Daniel Tarullo, another dovish Federal Reserve governor appointed by President Obama, called the focus on drug use a “red herring.” He said, “We had that problem 25 years ago, 20 years ago, 10 years ago; we have it today; and we’re going to have it 5 years from now.” He cited housing debt from the largest housing bubble in history as a core driver of unemployment.
The transcripts illustrate how the controversial method of picking Federal Reserve officials plays out in setting monetary policy: The three men who cited work ethic or drug use as a cause of unemployment instead of the financial crash were picked by regional private sector businessmen to lead the local Reserve banks.
The Dodd-Frank financial reform law passed in 2010 mandated that the Federal Reserve Board in Washington approve the choices of private businessmen, but the Board has yet to reject any suggested candidates. The board members who cited the financial crash as causing unemployment were appointed by the president and confirmed by the Senate.
The concept of having private business interests selecting public officials has been criticized by experts. As Wharton professor and author of “The Power and Independence of the Federal Reserve” Peter Conti-Brown put it, “It’s not clear at all that the opaque and obscure process by which the private sector selects the Reserve Bank presidents produces superior central bankers than the public process used to select the remaining principal officers of the United States.” This controversial selection process risks having, as he put it, “a system for enhancing the influence of certain slices of society on our central banking policy.

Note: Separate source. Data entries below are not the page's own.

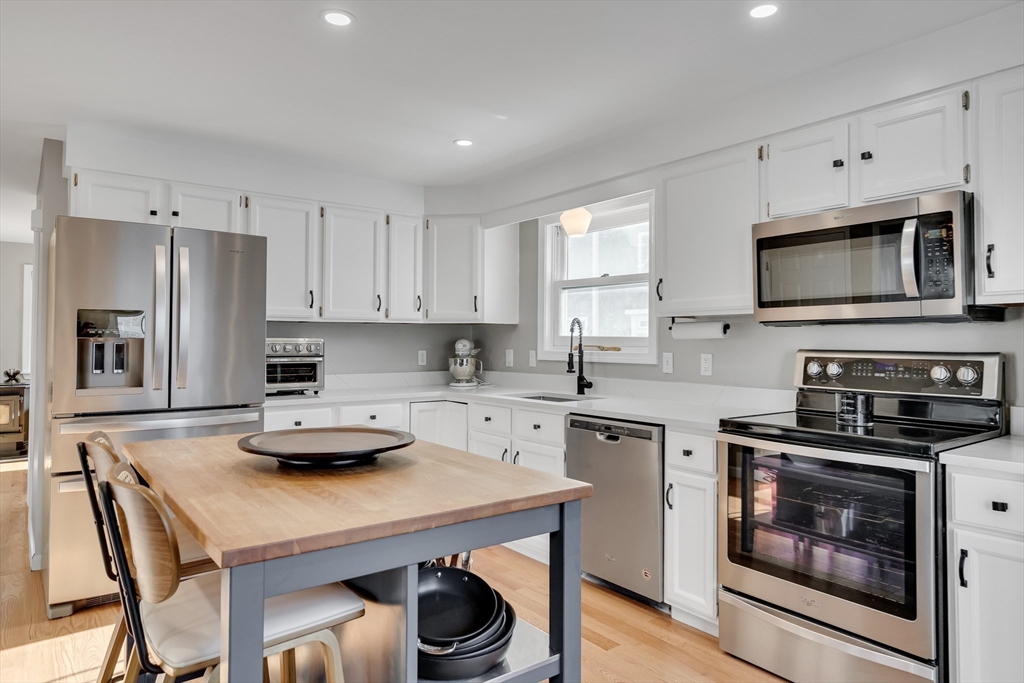 7 Long Terrace Boston, MA 02132 - Photo 13 of 42 a kitchen with a stove a sink and a microwave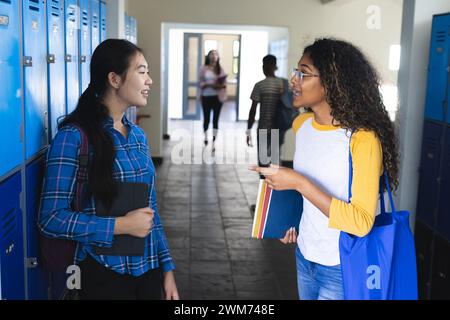 Ein asiatisches Teenager-Mädchen plaudert mit einer birassischen Frau in der High School Stockfoto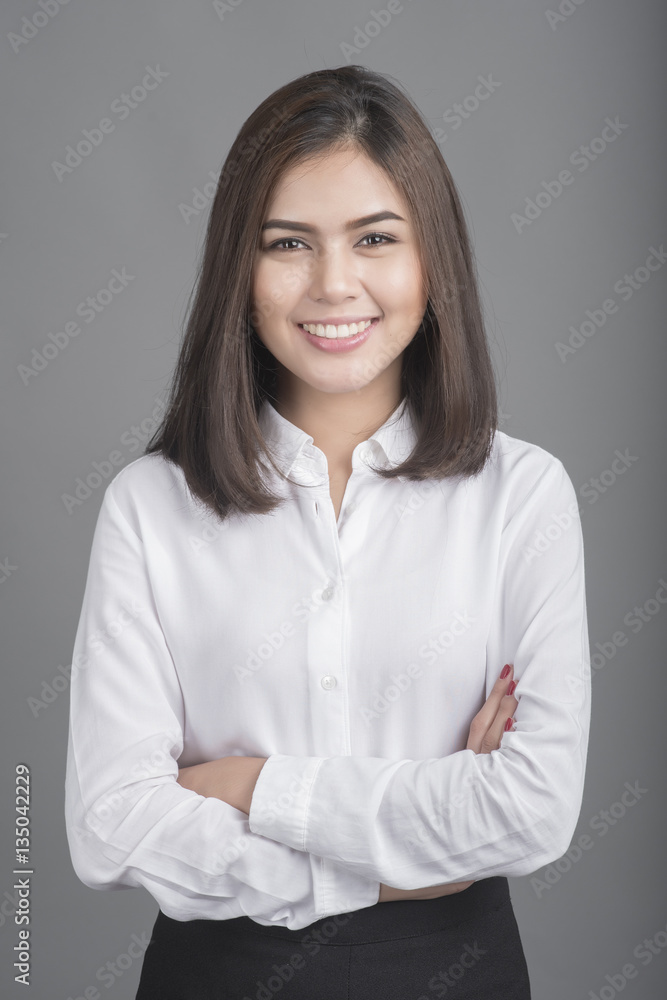 Beautiful Business Woman smiling on grey background Beautiful Business Woman smiling on grey background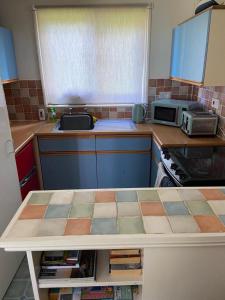 a kitchen with a sink and a counter top at Bolthole in Hayle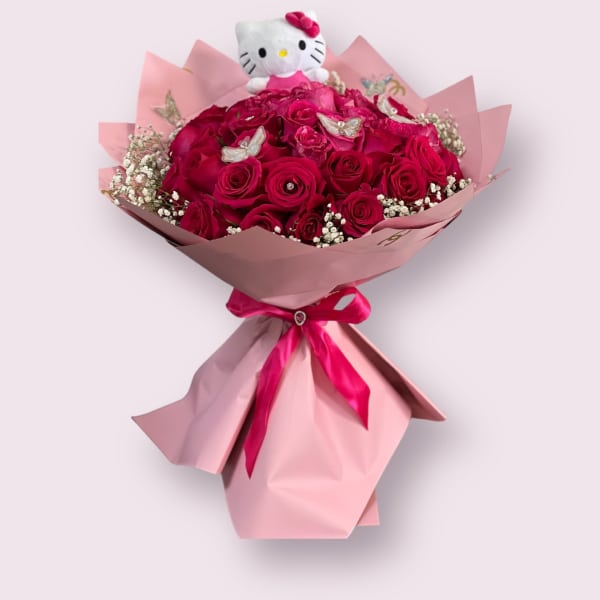 Bouquet of hot pink roses with a Hello Kitty topper and pink wrapping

Lacker and Lockhart are retiring this year. Advocates and experts are putting pressure on the Richmond Federal Reserve to replace retiring Reserve Bank Presidents with someone more attuned to the reality of unemployment. Fed Up, a coalition of advocates seeking to shift the Fed from its traditionally pro-bank policies, is seeking to have the regional bank President’s picked with more attention to the needs of workers.

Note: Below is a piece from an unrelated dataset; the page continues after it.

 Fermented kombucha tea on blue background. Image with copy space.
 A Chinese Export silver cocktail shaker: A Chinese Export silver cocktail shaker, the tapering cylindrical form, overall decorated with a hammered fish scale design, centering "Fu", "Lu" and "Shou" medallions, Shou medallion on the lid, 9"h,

Jordan Haedtler, deputy campaign manager of Fed Up, lashed out at Lacker’s comments as related in the newly released transcripts. “Even nine years into the recovery, workers are still struggling to get the wages and hours they need,” Haedtler said. “Yet with unemployment above double digits in huge swaths of President Lacker’s district in 2011, he was citing anecdotes about drug use and desire to collect unemployment benefits as key reasons why employers weren’t hiring. Rather than looking for solutions and talking to people who were out of work, he was seeking excuses from employers.”
President Donald Trump has a number of vacancies on the Federal Reserve Board to fill as well. He has been highly critical of Federal Reserve Chair Janet Yellen. He argued, without citing evidence, that she pursued monetary policy goals to help support Barack Obama and elect Hillary Clinton. If Yellen and Tarullo follow custom and step down from their board slots in 2018, Trump could appoint a majority of Federal Reserve board members within two years.

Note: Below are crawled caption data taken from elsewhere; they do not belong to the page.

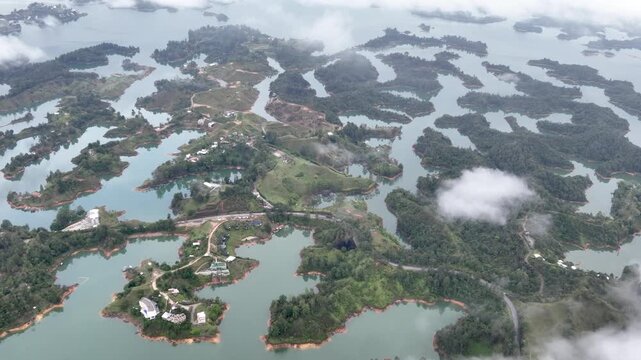 El Pe&ntilde;&oacute;n de Guatap&eacute; Rising Above Guatap&eacute; Reservoir in Antioquia, Colombia. Establishing Shot. Aerial View.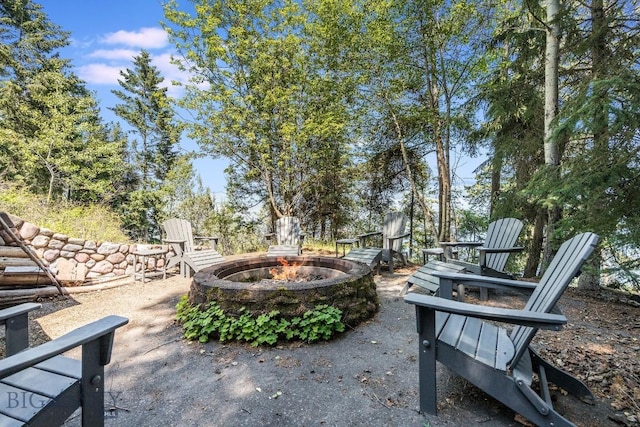 953 Angel Point Rd, Lakeside, MT 59922 - view of patio featuring a fire pit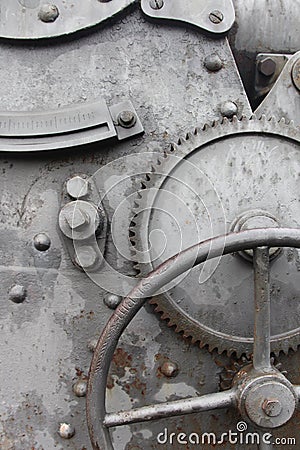 Cogwheel and crank on old machine Stock Photo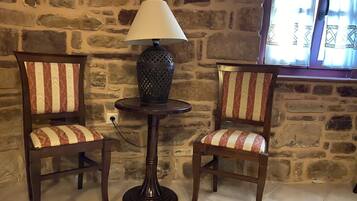 Two wooden chairs with striped upholstery, a table with a lamp, and a stone wall background.
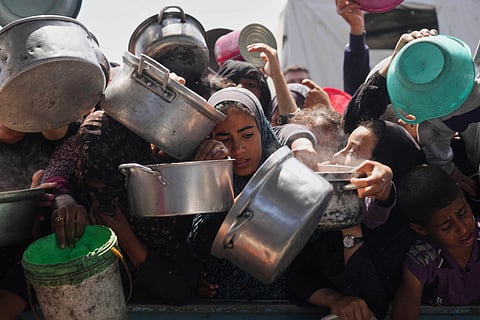 Palestinians struggle to get donated food at a community kitchen in Khan Younis, Gaza Strip, Monday, May 5, 2025.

Despite the importance of monetary policy, the Federal Reserve keeps the transcripts of internal deliberations of the committee that sets monetary policy out of public view for at least five years. But the people who attend those meetings take other jobs — some in the financial services industry. In 2010, incoming House Oversight Committee Chairman Darrell Issa questioned whether it was appropriate for the Fed to withhold its deliberations for so long. “If the Fed’s full transcripts can be released sooner, they should be,” he said.
The debate in the Fed and within Congress was ultimately resolved. The Federal Reserve kept interest rates low. And in 2011, a new wave of recently elected Tea Party Republicans and Democrats finally compromised on language to cut unemployment benefits.
Neither West Virginia senator, Shelley Moore Capito nor Joe Manchin, would comment on Lacker’s discussion of the West Virginia drug epidemic and its relationship to unemployment. The Appalachia region, including West Virginia, went strongly for Trump in the 2016 election.